天安。佃1-3。1988(昭和63)年1月17日

『東京建築回顧録Ⅱ』(読売新聞社編、読売新聞社、1991年、1700円)によると、建物は昭和7年、3代目店主のときに建てたものだが、外観は創業時のままという。二階の和室に佃島のかつての漁業風景を描いた豪華なすかし彫りの欄間がある。一階奥の工場は15畳ほどの広さ。創業以来の秘伝のタレは、関東大震災の時には何本ものとっくりに詰め、漁師に頼んで沖まで運ばせて守ったという。


民家。佃1-3
2000(平成12)年1月5日

佃源田中の横の路地を入ると、写真の家の前へ出る。佃島の旧家だろう。3枚の表札の他に古そうな、ホーローと思われるプレートが貼られている。「(月島)家庭/婦人會員/衛生」の小さな楕円形のプレート、「月島警察署/防犯灯協力の家/月島防犯協会」の細長いプレート。そして青地に白で菊の紋章と「靖国の家」。そのプレートはだれが発行したものなのだろう? 国? 靖国神社? 在郷軍人会?
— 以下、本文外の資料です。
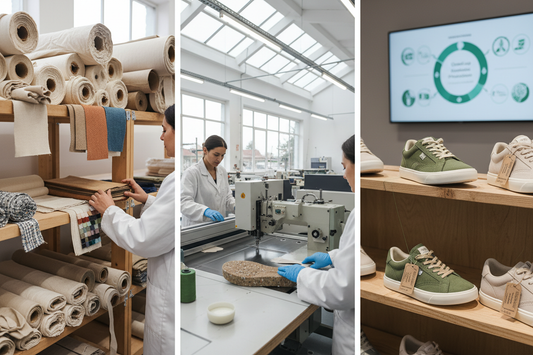 Sustainable manufacturing process of vegan sneakers showing eco-friendly materials and ethical production methods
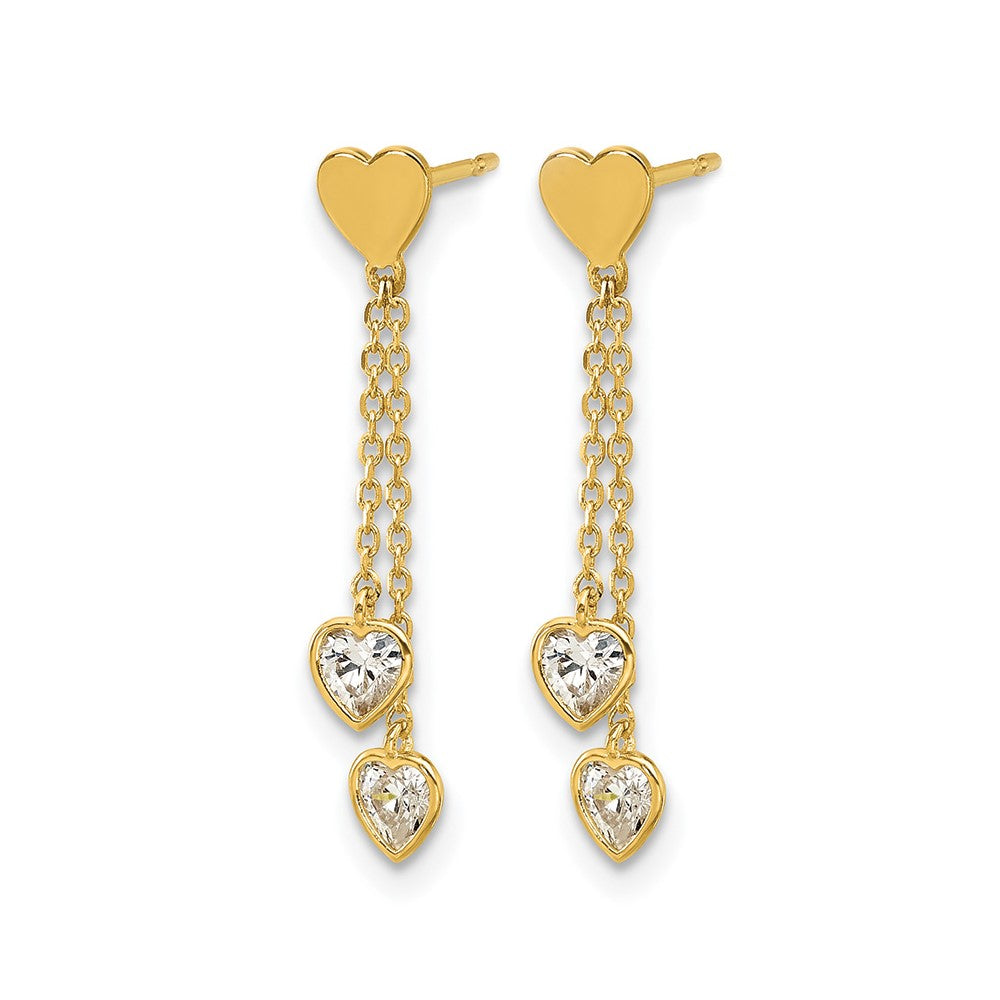 14K Yellow Gold Madi K Polished CZ Hearts Post Dangle Earrings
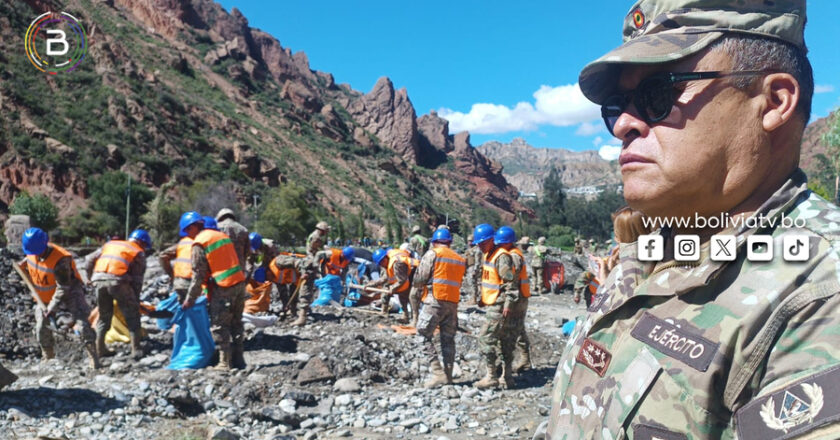 Desplazan más de 800 militares para limpieza y armado de gaviones tras intensa lluvia en La Paz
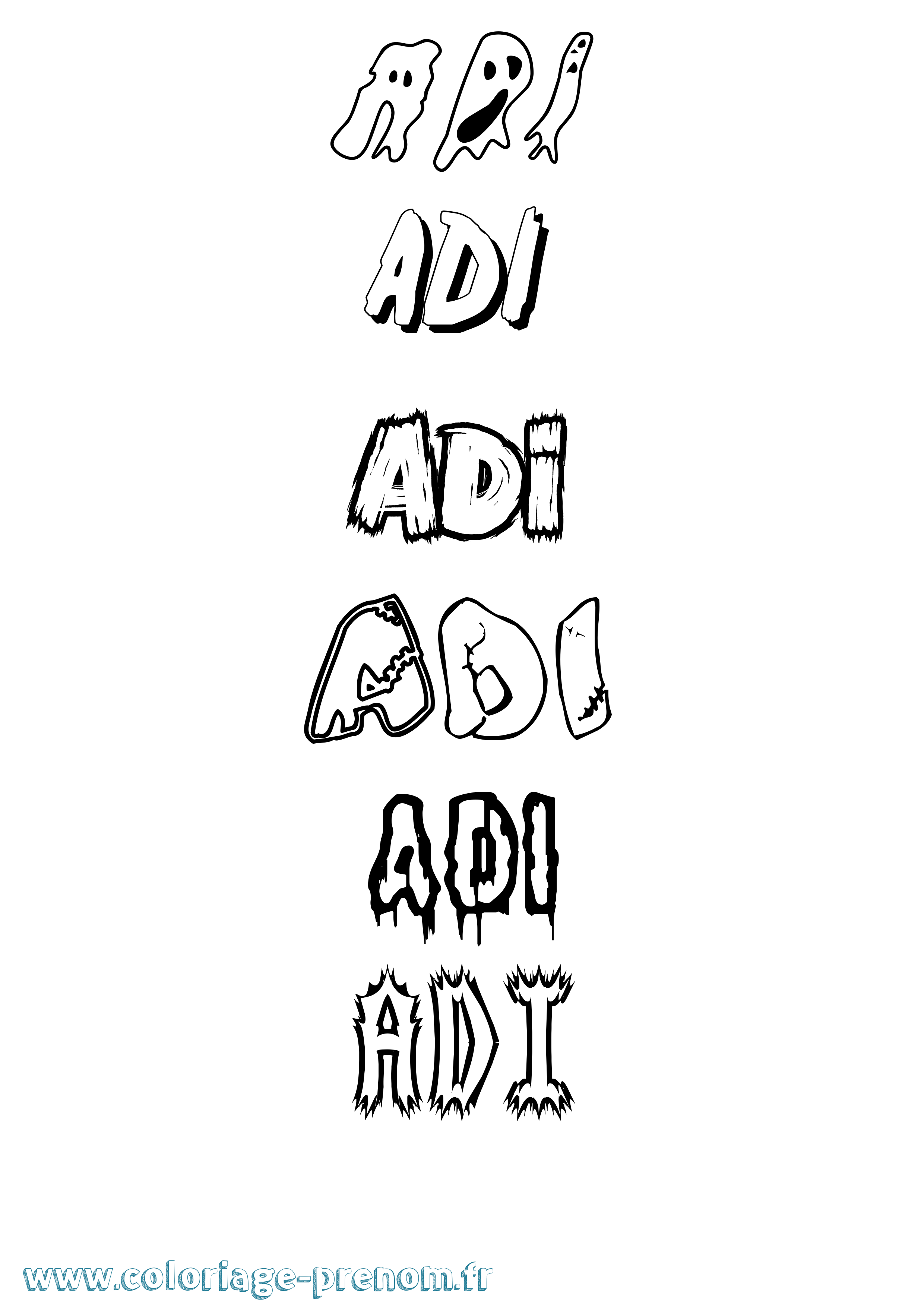 Coloriage Adi Frisson Coloriage prénom Adi Frisson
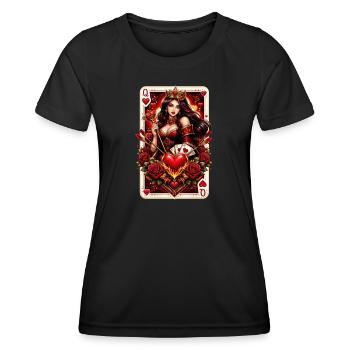 Spielkarte Herzkönigin Paar Valentinstag No. 2 - Frauen Funktions-T-Shirt - Schwarz - Vorne - AI Model Female 172 light (172cm)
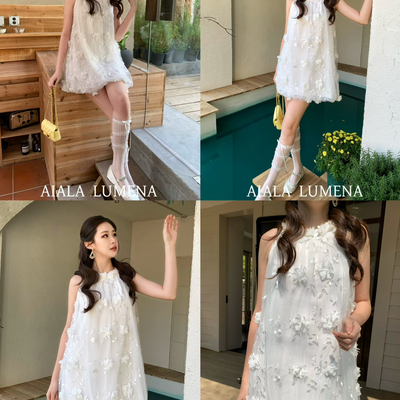 AIALA LUMENA-女夏立体花朵网纱亮片海边度假仙女裙连衣裙L20196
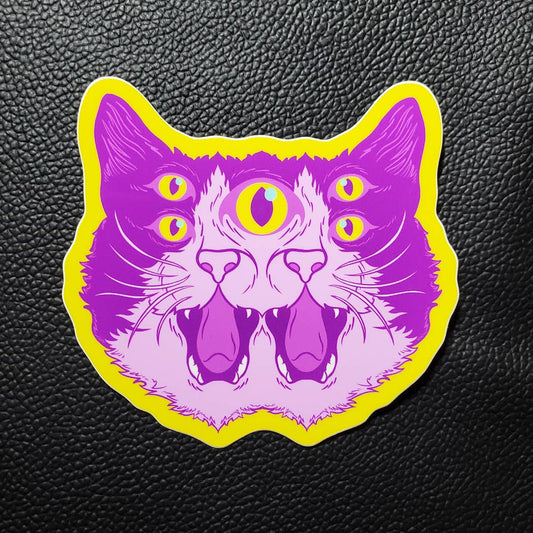 Sticker: 5 Eyed Psychedelicat, 4" Vinyl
コメント ( 0 ) | Trackback ( 0 )





国立予防衛生研究所。品川区上大崎2-9。1987(昭和62)年11月22日

国立予防衛生研究所はJR目黒駅から北へ200mのところにあった。現在はUR都市機構の「シティコート目黒」という4棟484戸という、2002年に完成した大きい団地になっている。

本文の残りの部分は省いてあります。